Empleando un sistema 4-2-3-1, Independiente opta por un enfoque más agresivo. Con dos mediocampistas como S. Bodnar y L. Barros, se crean capas de protección al distribuir el balón. El bloque defensivo se ha mantenido compacto, pero la presión inicial ha sido inconsistente, permitiendo a los equipos rivales explotar los huecos.

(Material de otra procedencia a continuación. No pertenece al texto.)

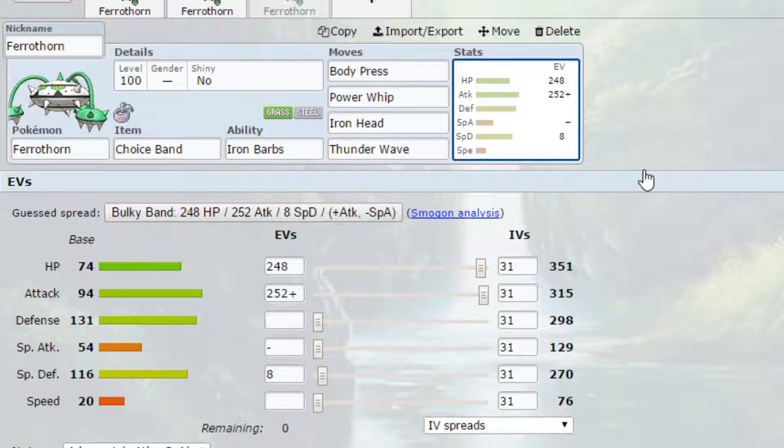I've got max HP and max attack with an Adamant nature, so more attack less special attack, and four EVs in special defense.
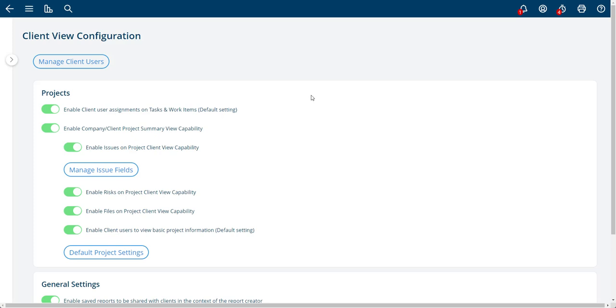In this video, I'm going to share with you the client view configuration options. One thing to note is that projects can be created without sharing or with sharing. And this is the overall configuration here.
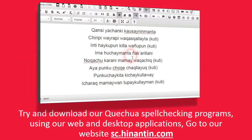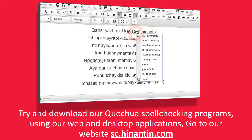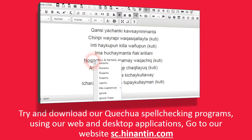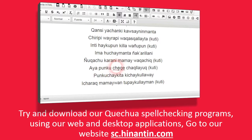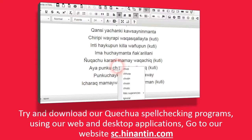Try and download our Quechua spell checking programs using our web and desktop applications. Go to our website sc.hinantin.com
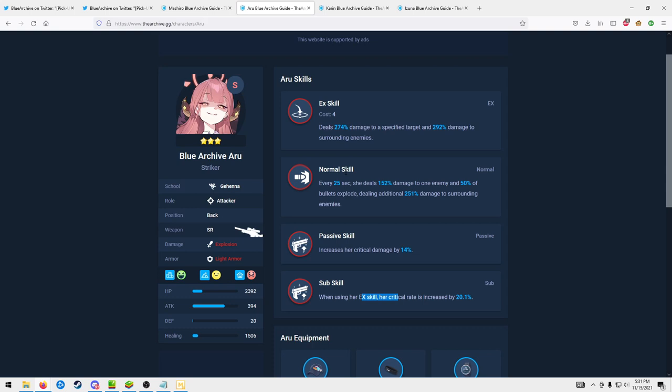I have her on my account right now and she's definitely helped me beat red stages easier in the story as well as clear bounty missions higher than my level.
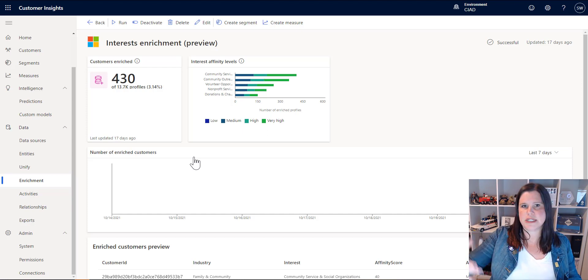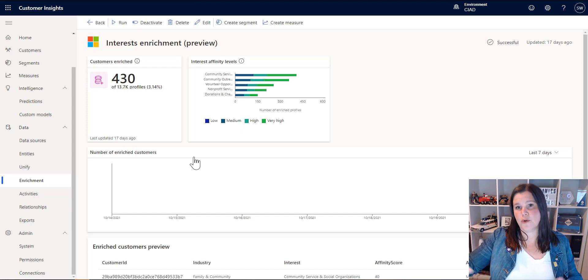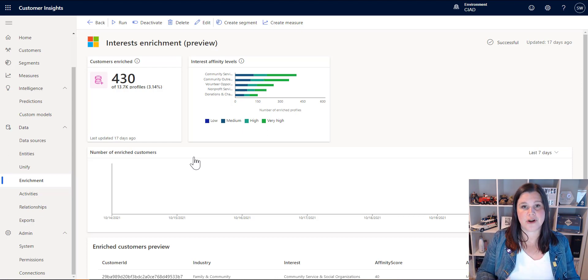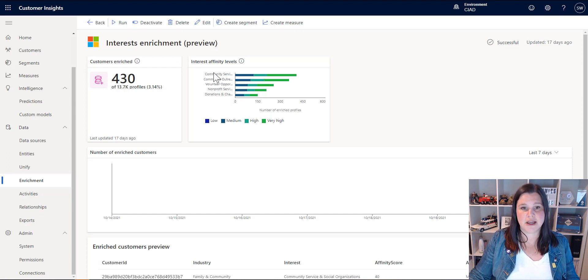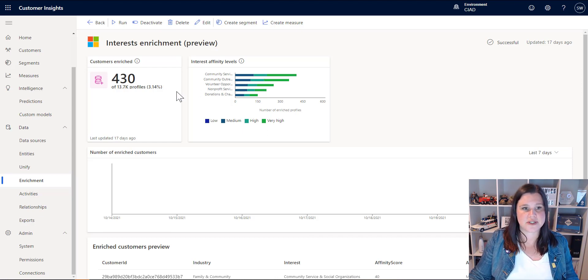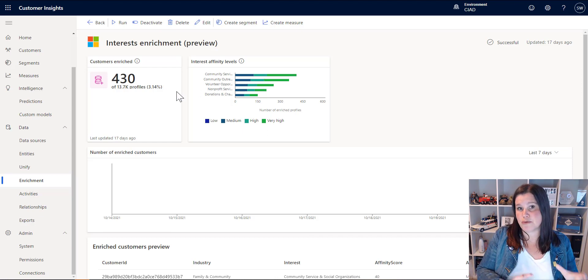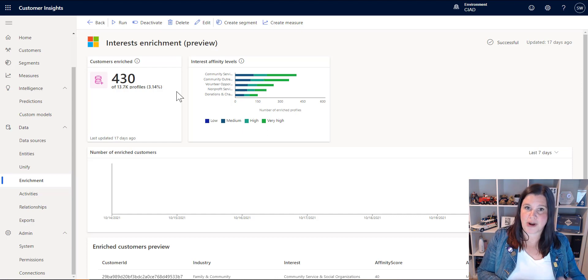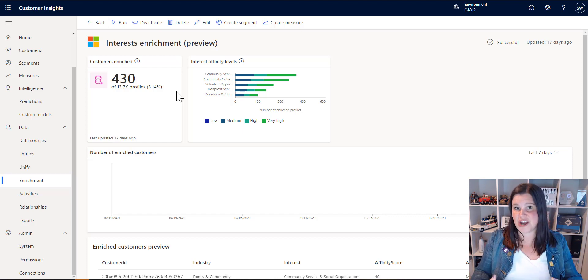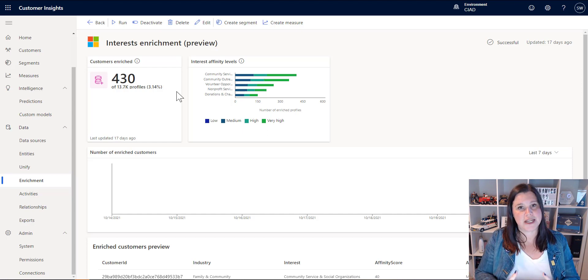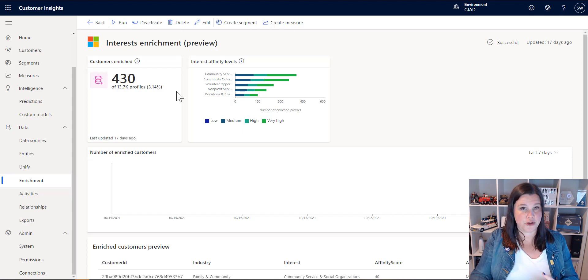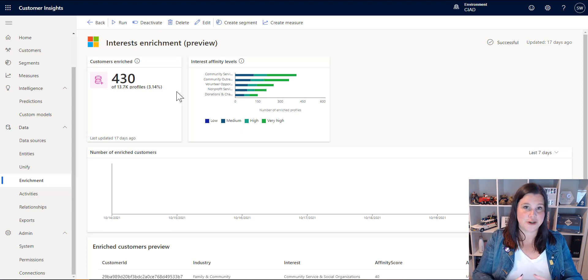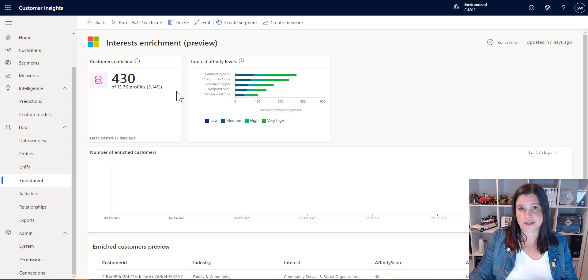We can do that with brands as well and you can select which brands and which interests are aligned to your industry or your particular use case. You can also bring in enrichment from third-party sources if you're paying for data enrichment type services, then you can bring those in and use that to enrich your profiles as well.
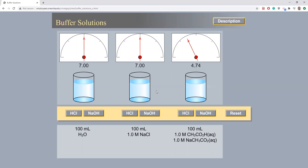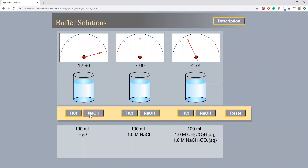Let's first begin with 100 milliliters of water. An addition of 10 milliliters of 1 molar HCl solution results in a pH change from 7 to 1.04. An addition of 10 milliliters of 1 molar NaOH solution results in a pH change from 7 to 12.96.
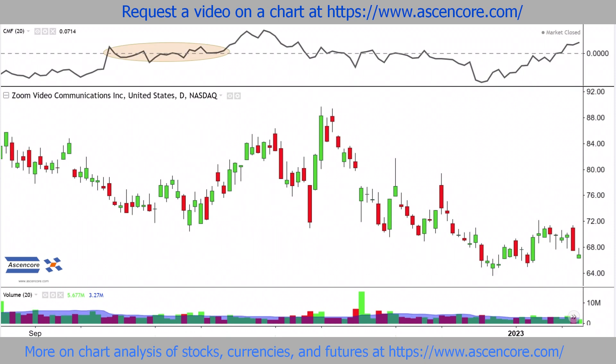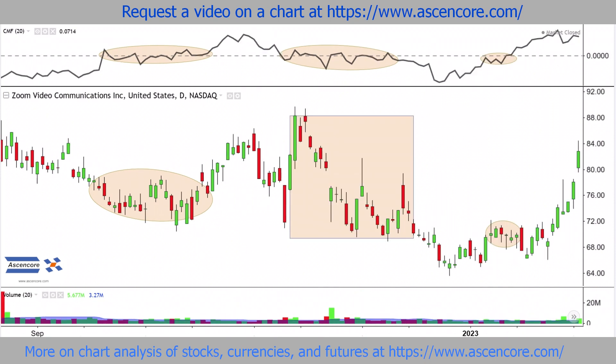When the Chaikin money flow indicator stays close to zero, especially between the 0.05 to negative 0.05 range, the market will often be at an indecisive stage. This could be less directional price movement with low, medium, or even high volatility.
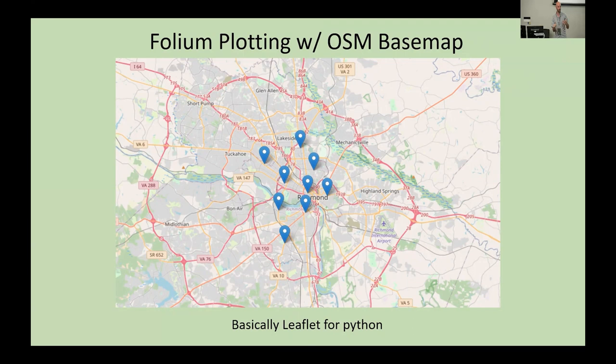As we all know, OpenStreetMap provides a lot of detail and a lot of granularity. Thank you very much.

Durante el último partido, Talleres encontró oportunidades a través de rápidos contraataques. Si bien J. Blázquez fue crucial para salvaguardar el arco, la defensa necesita trabajar en una reestructuración más efectiva. A menudo, los laterales quedan atrapados en posiciones adelantadas, creando vulnerabilidades en los contraataques.

La clave para el éxito a largo plazo radica en equilibrar la presión alta con la solidez defensiva. El Rojo necesita urgentemente afinar su juego en transición. Solo así se convertirán en serios contendientes dentro de la Liga.